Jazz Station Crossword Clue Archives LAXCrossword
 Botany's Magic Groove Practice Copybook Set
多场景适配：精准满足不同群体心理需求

* * *

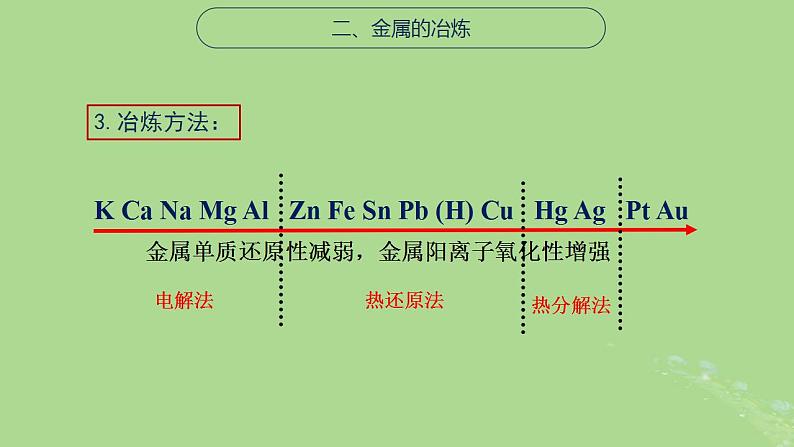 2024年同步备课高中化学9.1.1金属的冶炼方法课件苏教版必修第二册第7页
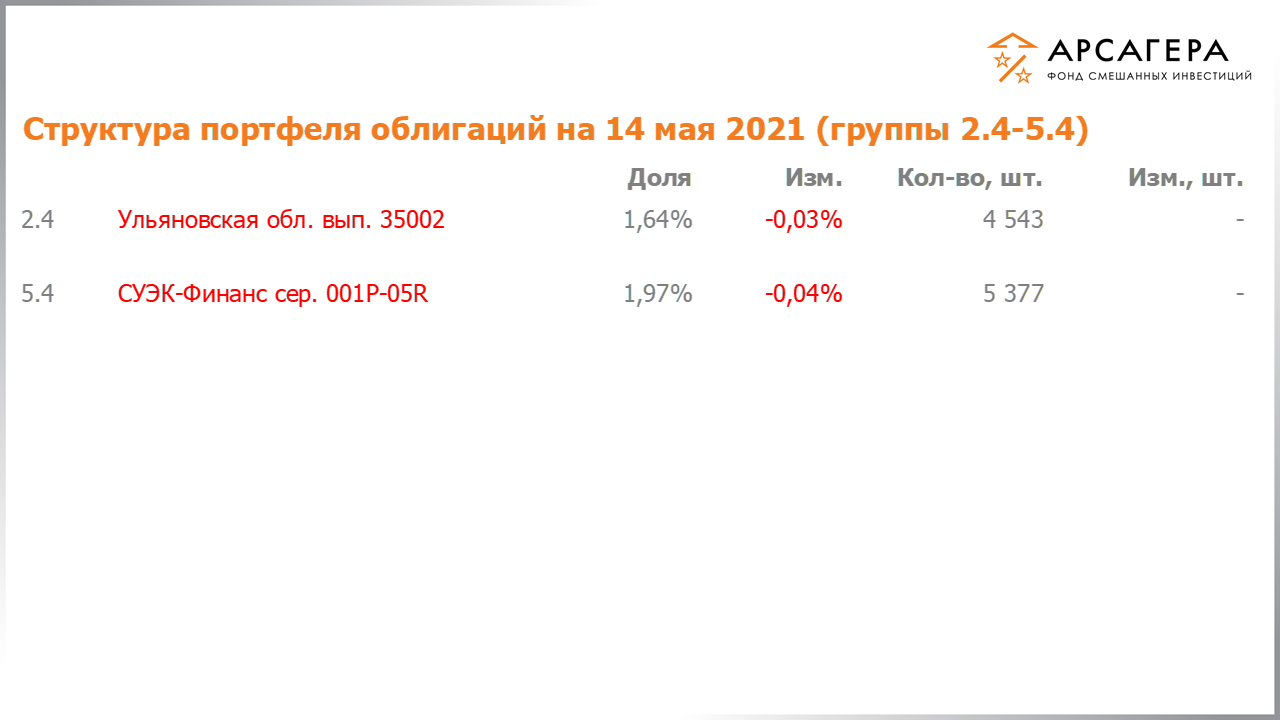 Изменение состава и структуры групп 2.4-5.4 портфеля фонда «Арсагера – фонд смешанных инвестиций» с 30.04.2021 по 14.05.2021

> WHAT IS REQUIRED
Starting at the line that has "Jazz Station Crossword" and ending at the line that has "多场景适配：精准满足不同群体心理需求", please write out the lines above exactly, leaving out all others.

> REPLY TO THE TASK
Jazz Station Crossword Clue Archives LAXCrossword
 Botany's Magic Groove Practice Copybook Set
多场景适配：精准满足不同群体心理需求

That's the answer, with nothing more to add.